Luke gives us a lot about the moments immediately after the descent of the Holy Spirit. They rush out in ministry able to reach the diverse crowd assembled in Jerusalem for the holiday. Despite not having any formal training, Peter delivers a sermon that converts 3,000 people in one go. A small movement becomes a mighty and unified force, all in one day.  

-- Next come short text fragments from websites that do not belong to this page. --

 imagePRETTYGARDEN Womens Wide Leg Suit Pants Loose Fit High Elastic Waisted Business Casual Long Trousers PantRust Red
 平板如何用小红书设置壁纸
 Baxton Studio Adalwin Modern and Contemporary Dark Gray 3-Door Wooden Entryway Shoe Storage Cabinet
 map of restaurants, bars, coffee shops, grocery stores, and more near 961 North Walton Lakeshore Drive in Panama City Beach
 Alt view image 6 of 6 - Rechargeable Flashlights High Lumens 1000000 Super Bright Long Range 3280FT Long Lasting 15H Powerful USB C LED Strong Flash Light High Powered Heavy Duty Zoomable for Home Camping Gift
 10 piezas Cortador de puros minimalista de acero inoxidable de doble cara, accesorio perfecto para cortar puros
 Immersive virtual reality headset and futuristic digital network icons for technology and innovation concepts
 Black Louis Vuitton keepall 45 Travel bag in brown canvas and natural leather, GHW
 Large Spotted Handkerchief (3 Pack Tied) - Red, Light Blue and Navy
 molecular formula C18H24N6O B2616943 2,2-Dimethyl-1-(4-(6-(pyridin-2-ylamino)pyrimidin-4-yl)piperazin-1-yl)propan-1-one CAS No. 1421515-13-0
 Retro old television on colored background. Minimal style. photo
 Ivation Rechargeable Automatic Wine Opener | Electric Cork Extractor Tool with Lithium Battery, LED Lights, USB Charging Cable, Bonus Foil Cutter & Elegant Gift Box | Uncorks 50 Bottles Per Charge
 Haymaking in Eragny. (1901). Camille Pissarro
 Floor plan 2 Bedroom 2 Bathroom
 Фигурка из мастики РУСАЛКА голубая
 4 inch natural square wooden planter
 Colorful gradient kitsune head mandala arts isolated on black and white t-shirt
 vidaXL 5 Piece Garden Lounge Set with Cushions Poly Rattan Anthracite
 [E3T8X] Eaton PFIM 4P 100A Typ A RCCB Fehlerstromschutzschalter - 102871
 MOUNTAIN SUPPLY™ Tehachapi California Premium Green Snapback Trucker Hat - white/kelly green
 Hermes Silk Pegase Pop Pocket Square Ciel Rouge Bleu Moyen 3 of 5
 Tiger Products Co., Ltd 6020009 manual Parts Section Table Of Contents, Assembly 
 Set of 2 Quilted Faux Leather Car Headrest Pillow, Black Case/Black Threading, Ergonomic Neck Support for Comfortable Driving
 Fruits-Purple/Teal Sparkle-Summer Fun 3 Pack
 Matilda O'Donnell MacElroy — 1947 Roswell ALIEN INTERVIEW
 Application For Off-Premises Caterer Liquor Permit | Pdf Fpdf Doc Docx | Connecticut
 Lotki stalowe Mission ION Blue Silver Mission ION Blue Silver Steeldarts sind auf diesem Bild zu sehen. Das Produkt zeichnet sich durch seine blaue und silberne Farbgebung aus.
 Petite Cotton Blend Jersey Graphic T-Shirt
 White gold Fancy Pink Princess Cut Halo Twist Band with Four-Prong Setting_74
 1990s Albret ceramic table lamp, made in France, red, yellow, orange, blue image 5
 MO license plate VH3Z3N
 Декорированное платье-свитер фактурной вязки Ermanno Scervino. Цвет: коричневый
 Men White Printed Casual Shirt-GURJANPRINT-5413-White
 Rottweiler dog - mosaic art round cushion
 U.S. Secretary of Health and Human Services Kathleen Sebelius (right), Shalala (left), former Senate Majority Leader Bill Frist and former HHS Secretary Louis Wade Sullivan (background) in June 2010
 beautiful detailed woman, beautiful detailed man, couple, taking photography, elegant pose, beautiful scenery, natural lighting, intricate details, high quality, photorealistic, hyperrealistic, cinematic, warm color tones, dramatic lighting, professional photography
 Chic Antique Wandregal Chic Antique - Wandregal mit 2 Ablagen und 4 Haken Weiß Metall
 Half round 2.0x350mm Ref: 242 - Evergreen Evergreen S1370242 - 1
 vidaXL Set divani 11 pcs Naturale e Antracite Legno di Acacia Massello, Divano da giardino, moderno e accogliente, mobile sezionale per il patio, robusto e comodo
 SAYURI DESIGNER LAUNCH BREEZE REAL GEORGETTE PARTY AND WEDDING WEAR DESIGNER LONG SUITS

I’ve become fascinated by the time immediately before the Holy Spirit shows up. Scripture doesn’t give us much. We know, from Acts 1, that they elected a replacement for Judas and prayed together. From Luke 24, we know that they worshipped in the Temple. I wonder what that strange in between time would have felt like. Pentecost, meaning 50 days, was an existing Jewish holiday marking the 50 days since the Passover. We know that Christ’s death and resurrection happened at the Passover, and Acts 1 shows Jesus teaching for 40 days after the resurrection. So, the gap between Ascension and Pentecost would have been just long enough to eat at you. One can imagine the first couple days being eager expectation, but as days turn into a week, if they’re anything like modern humans, it gets difficult at some point.

The scenes that I illustrated above try to paint the picture of clinging to faith in a world that feels out to get them as they waited for something. The Temple leadership and the Romans still held sway in Jerusalem. They had killed before, and we know that they will kill again. The human mind struggles particularly with waiting on something without a defined end date.

God did show up for them, though. I bet that God will show up again, too.